Cole Wyeth comments on Changing my mind about Christiano’s malign prior argument

Cole Wyeth 5 Apr 2025 13:37 UTC
3 points
0
I agree it’s not just the universal distribution that can have this problem, but my objections to the malign prior argument should also be obstacles for many other versions of Adversaria.

You seem to be worried that many priors would make the mistake of overweighting simulations, which means your prior doesn’t assign much probability to being in a simulation? So at least this issue should be avoidable.
- Knight Lee 5 Apr 2025 20:15 UTC
  1 point
  0
  Parent
  I think I made a major confusion, in that I forgot that you were originally talking about “whether the malign universal prior will occur in practice.”
  If we’re talking about real life AI (or humans) rather than idealized agents, I actually agree with you. I never thought about this or clarified this, which is embarrassing :/
  I don’t think the reason it won’t happen in practice, is due to “natural obstacles” to Adversaria. The objections 1, 2, 3 and 5 might narrow down to “Adversaria evolves life which controls a similar amount of computational resources (times prior probability) as you do, except your inaccurate prior overestimates them by an order of magnitude or a few.” The objections 4 and 6 may narrow down to “At least some life on Adversaria follows UDT etc. instead of CDT, and have a better prior than you.”

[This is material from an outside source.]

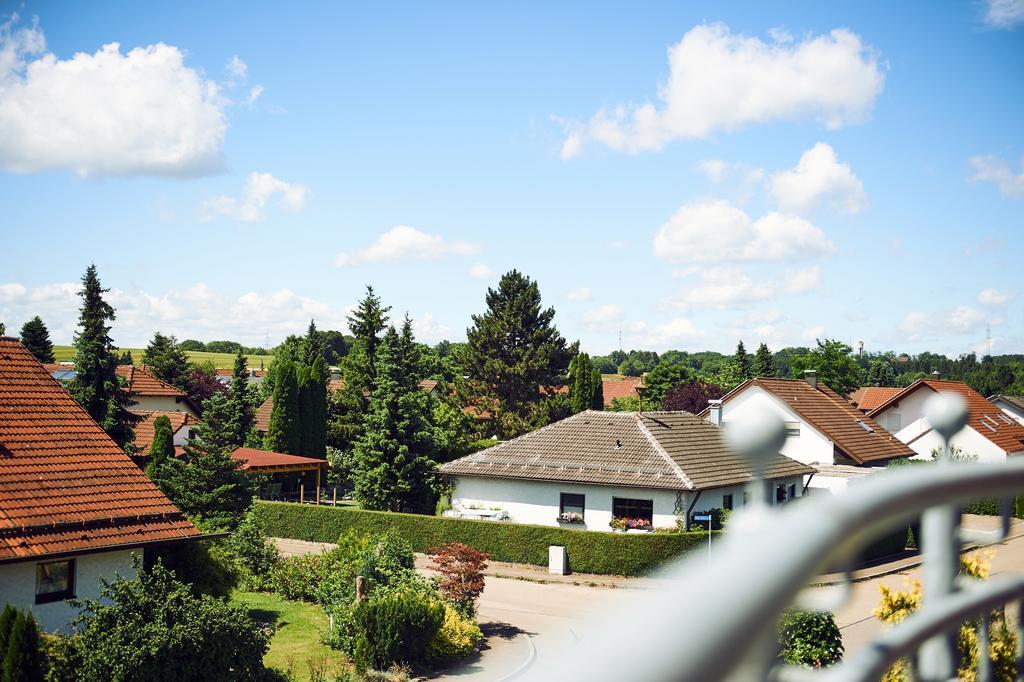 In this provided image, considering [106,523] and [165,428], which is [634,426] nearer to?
[165,428]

  These objections make it uncertain whether it will occur in practice, but are not very reassuring.
  Instead, the real reason I don’t think it’ll happen in practice, is that a real life artificial superintelligence will not be a simple Bayesian reasoner equipped with an immutable/imperfect prior and utility function.
  The “malign priors” demonstrate that such a Bayesian reasoner equipped with an immutable/imperfect prior and utility function, is “sort of stupid,” and can be scammed despite knowing that the scammers think they are scamming it.
  Instead, I think what will happen will happen is this. The first generations of superintelligence, will be fuzzy reasoners just like humans, and use many heuristics which we call “common sense,” and not fall for these scams for the same reasons humans do not. Eventually, higher levels of superintelligence, (perhaps when making commitments and preparing for acausal trades?), will formalize their decision theory and reasoning.
  When deciding on how to formalize their decision theory and reasoning, they will do a lot of thinking, and reinvent all the thought experiments (e.g. malign priors) which humans could possibly think of, plus much more. And only after they are far less confused about decision theory than humans, will they finally proceed and formalize their decision theory and reasoning.
  And it will be a much smarter design than the Solomonoff universal prior or AIXI. They will laugh at humans for believing this is the optimal way to think.